• _WHAT TO PRODUCE_:
The full set of entries below should be transcribed exactly.

**********

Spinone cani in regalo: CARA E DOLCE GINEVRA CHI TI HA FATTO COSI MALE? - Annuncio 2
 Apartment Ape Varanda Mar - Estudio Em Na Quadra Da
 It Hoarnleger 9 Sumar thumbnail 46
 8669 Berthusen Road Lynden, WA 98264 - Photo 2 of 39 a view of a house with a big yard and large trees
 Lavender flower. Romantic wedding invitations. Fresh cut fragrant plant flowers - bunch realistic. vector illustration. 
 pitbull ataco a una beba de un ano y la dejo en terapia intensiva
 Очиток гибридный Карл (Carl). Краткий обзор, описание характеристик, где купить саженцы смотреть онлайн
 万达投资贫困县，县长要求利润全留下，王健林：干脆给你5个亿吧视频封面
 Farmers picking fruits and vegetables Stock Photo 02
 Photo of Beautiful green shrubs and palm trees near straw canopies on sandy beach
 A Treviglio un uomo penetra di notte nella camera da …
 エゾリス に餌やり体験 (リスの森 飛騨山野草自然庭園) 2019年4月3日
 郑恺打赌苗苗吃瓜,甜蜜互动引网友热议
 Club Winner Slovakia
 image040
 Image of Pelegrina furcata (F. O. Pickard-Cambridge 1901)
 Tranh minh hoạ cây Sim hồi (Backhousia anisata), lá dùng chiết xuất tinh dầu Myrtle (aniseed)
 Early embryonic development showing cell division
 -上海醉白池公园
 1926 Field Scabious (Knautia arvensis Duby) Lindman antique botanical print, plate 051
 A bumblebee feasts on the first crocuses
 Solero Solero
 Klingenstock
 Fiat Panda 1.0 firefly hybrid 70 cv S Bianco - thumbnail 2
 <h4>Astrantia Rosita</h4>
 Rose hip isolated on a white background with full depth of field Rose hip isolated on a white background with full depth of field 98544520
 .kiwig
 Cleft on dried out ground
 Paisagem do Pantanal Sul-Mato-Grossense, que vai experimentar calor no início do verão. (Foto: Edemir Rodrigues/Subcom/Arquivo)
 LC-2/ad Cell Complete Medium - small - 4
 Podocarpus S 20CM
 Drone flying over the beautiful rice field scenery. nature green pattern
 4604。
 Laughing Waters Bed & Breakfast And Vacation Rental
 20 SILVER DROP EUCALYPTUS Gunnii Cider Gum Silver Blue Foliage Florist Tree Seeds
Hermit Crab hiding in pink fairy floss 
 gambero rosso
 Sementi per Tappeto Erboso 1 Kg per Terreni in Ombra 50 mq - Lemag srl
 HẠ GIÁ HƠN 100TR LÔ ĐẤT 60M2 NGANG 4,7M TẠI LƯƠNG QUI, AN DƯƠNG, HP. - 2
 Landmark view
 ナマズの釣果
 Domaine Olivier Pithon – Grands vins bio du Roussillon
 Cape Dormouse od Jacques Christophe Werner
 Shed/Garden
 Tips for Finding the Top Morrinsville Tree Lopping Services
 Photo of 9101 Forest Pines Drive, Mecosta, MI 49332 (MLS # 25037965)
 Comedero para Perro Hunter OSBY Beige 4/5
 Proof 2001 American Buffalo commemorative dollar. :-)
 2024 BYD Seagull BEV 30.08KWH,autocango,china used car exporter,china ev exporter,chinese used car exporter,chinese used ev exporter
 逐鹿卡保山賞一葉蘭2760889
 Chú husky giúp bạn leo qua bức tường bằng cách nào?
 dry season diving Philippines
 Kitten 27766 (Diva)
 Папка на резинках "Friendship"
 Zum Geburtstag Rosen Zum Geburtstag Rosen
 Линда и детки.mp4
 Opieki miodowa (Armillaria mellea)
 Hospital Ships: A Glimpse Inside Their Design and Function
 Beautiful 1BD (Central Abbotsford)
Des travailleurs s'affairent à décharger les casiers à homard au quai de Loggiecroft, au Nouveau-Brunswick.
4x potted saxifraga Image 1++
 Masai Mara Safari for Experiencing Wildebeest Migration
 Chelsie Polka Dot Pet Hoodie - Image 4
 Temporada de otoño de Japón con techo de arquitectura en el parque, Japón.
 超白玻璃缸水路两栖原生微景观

**********

• _RESULT_:
Spinone cani in regalo: CARA E DOLCE GINEVRA CHI TI HA FATTO COSI MALE? - Annuncio 2
 Apartment Ape Varanda Mar - Estudio Em Na Quadra Da
 It Hoarnleger 9 Sumar thumbnail 46
 8669 Berthusen Road Lynden, WA 98264 - Photo 2 of 39 a view of a house with a big yard and large trees
 Lavender flower. Romantic wedding invitations. Fresh cut fragrant plant flowers - bunch realistic. vector illustration. 
 pitbull ataco a una beba de un ano y la dejo en terapia intensiva
 Очиток гибридный Карл (Carl). Краткий обзор, описание характеристик, где купить саженцы смотреть онлайн
 万达投资贫困县，县长要求利润全留下，王健林：干脆给你5个亿吧视频封面
 Farmers picking fruits and vegetables Stock Photo 02
 Photo of Beautiful green shrubs and palm trees near straw canopies on sandy beach
 A Treviglio un uomo penetra di notte nella camera da …
 エゾリス に餌やり体験 (リスの森 飛騨山野草自然庭園) 2019年4月3日
 郑恺打赌苗苗吃瓜,甜蜜互动引网友热议
 Club Winner Slovakia
 image040
 Image of Pelegrina furcata (F. O. Pickard-Cambridge 1901)
 Tranh minh hoạ cây Sim hồi (Backhousia anisata), lá dùng chiết xuất tinh dầu Myrtle (aniseed)
 Early embryonic development showing cell division
 -上海醉白池公园
 1926 Field Scabious (Knautia arvensis Duby) Lindman antique botanical print, plate 051
 A bumblebee feasts on the first crocuses
 Solero Solero
 Klingenstock
 Fiat Panda 1.0 firefly hybrid 70 cv S Bianco - thumbnail 2
 <h4>Astrantia Rosita</h4>
 Rose hip isolated on a white background with full depth of field Rose hip isolated on a white background with full depth of field 98544520
 .kiwig
 Cleft on dried out ground
 Paisagem do Pantanal Sul-Mato-Grossense, que vai experimentar calor no início do verão. (Foto: Edemir Rodrigues/Subcom/Arquivo)
 LC-2/ad Cell Complete Medium - small - 4
 Podocarpus S 20CM
 Drone flying over the beautiful rice field scenery. nature green pattern
 4604。
 Laughing Waters Bed & Breakfast And Vacation Rental
 20 SILVER DROP EUCALYPTUS Gunnii Cider Gum Silver Blue Foliage Florist Tree Seeds
Hermit Crab hiding in pink fairy floss 
 gambero rosso
 Sementi per Tappeto Erboso 1 Kg per Terreni in Ombra 50 mq - Lemag srl
 HẠ GIÁ HƠN 100TR LÔ ĐẤT 60M2 NGANG 4,7M TẠI LƯƠNG QUI, AN DƯƠNG, HP. - 2
 Landmark view
 ナマズの釣果
 Domaine Olivier Pithon – Grands vins bio du Roussillon
 Cape Dormouse od Jacques Christophe Werner
 Shed/Garden
 Tips for Finding the Top Morrinsville Tree Lopping Services
 Photo of 9101 Forest Pines Drive, Mecosta, MI 49332 (MLS # 25037965)
 Comedero para Perro Hunter OSBY Beige 4/5
 Proof 2001 American Buffalo commemorative dollar. :-)
 2024 BYD Seagull BEV 30.08KWH,autocango,china used car exporter,china ev exporter,chinese used car exporter,chinese used ev exporter
 逐鹿卡保山賞一葉蘭2760889
 Chú husky giúp bạn leo qua bức tường bằng cách nào?
 dry season diving Philippines
 Kitten 27766 (Diva)
 Папка на резинках "Friendship"
 Zum Geburtstag Rosen Zum Geburtstag Rosen
 Линда и детки.mp4
 Opieki miodowa (Armillaria mellea)
 Hospital Ships: A Glimpse Inside Their Design and Function
 Beautiful 1BD (Central Abbotsford)
Des travailleurs s'affairent à décharger les casiers à homard au quai de Loggiecroft, au Nouveau-Brunswick.
4x potted saxifraga Image 1++
 Masai Mara Safari for Experiencing Wildebeest Migration
 Chelsie Polka Dot Pet Hoodie - Image 4
 Temporada de otoño de Japón con techo de arquitectura en el parque, Japón.
 超白玻璃缸水路两栖原生微景观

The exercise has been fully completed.